Por fim, o  desastre não teria o mesmo impacto no mundo todo. A emissão não atinge o solo, mas interage com o campo magnético da Terra, que desvia a radiação solar. Esse campo funciona como um escudo, que protege o planeta do vento solar (as partículas eletricamente carregadas que o Sol libera o tempo todo). Esse escudo é mais fraco perto dos polos. Por isso rolam auroras boreais lá o tempo todo – elas são as partículas carregadas que o Sol emite interagindo com a atmosfera (nesses casos, sem a intensidade necessária para causar estragos). 

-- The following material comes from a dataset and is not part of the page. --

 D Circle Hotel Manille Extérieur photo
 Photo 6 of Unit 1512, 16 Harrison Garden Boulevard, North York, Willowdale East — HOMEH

No advento de uma tempestade (que é nada mais do que vento solar em quantidades absurdas), a disrupção eletromagnética partiria dos polos para latitudes mais próximas dos trópicos. Foi isso que causou as auroras no Caribe e no sul do Brasil em 1859. Caso a tempestade de 162 anos atrás se repetisse, então, a maior parte do Brasil não perceberia de forma direta.  

Basicamente, a internet pararia de funcionar por algumas horas, já que os servidores do Hemisfério Norte teriam de ficar desligados até que a tormenta eletromagnética seguisse seu caminho espaço afora. 

De resto, talvez tivéssemos auroras boreais no Sudeste, caso a tempestade fosse um pouco mais pesada. Mas já seria um belo susto. E mais uma prova de que há mais coisas entre o céu e a terra do que sonha a nossa vã intuição.